Regulations such as Part L of the Building Regulations and tools such as BREEAM and LEED focus attention on energy efficiency and sustainable design, while other drivers including the Carbon Reduction Commitment encourage major energy users to seek ways to remain below set energy consumption thresholds.

Not surprisingly, the majority of new build and major refurbishment projects now include some level of lighting control while organisations seeking to reduce overheads and energy consumption are retrofitting controls to existing installations. The result is that, in general, lighting is being controlled more effectively in many more buildings. However, there is still a long way to go, and the latest lighting management systems offer much more in terms of efficiency and sustainability.

Lighting management systems enhance energy efficiency through presence detection, absence detection and daylight-linking, yet savings can be greatly increased through integrated control of other energy-consuming devices such as HVAC. Lighting management sensors can relate heating/cooling temperature bands to occupancy so that unoccupied areas operate under a wider band conserving 4% energy for every temperature degree saved. High-speed, open protocol technologies, such as Lon or IP, not only achieve savings through integration, but also cost and material savings through shared network cabling and infrastructure. 

Dimming enables savings to be achieved efficiently yet subtly through daylight-harvesting and the ability to optimise lighting levels to maximise energy efficiency: however there is more that can be done here too. For instance, most DALI systems will still use residual power when on standby – so selecting a latest zero-power DALI system will give even greater energy savings.

Of course, being green and environmentally friendly is not only about energy efficiency but also about the life cycle carbon equation and total lifetime environmental impact of a project. 
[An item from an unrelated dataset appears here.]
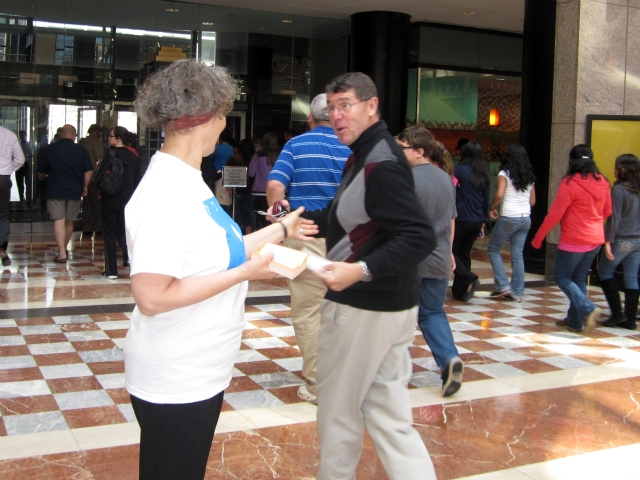 A Poets House intern handed out poetry in the World Financial Center Thursday.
One aspect of improved control is that the running hours of lamps are reduced, so that lamps last longer and need less frequent replacement. However these benefits are not realised if lamps are changed in bulk on the basis of average lamp life. So it’s worth considering the introduction of hour-run measurement, which identifies the optimum time for individual lamp replacement. This approach reduces maintenance costs, as well as the financial and environmental costs of lamp disposal.

Another consideration is that of embodied energy. One issue that relates to many speculative developments, especially in the current climate, is that the developer will want to keep the initial capital outlay as low as possible, often opting for controls that meet the minimum requirements of the Building Regulations. Unfortunately, this arrangement may not meet the requirements of incoming tenants, who may discard the shell and core controls and replace them with a more functional system. Clearly, this represents significant wastage of raw materials, all of which have embedded carbon, quite apart from the cost implications.

So what is needed is a flexible design approach that helps developers let their space and enables building occupiers to quickly and easily fine-tune their lighting to changing circumstances. The ideal situation is a modular and scalable system that meets the requirements of Building Regulations as standard but also has the inherent flexibility to be quickly, easily and cost-effectively upgraded to a more powerful system should the need or desire arise.   

The key factor is that specifiers are aware of the possibilities and take advantage of the opportunity to build in the maximum amount of flexibility from the beginning of the project. Such an approach will ensure that not only are the control systems designed for the near future but will also be able to continue to address the occupier’s needs through the life of the building.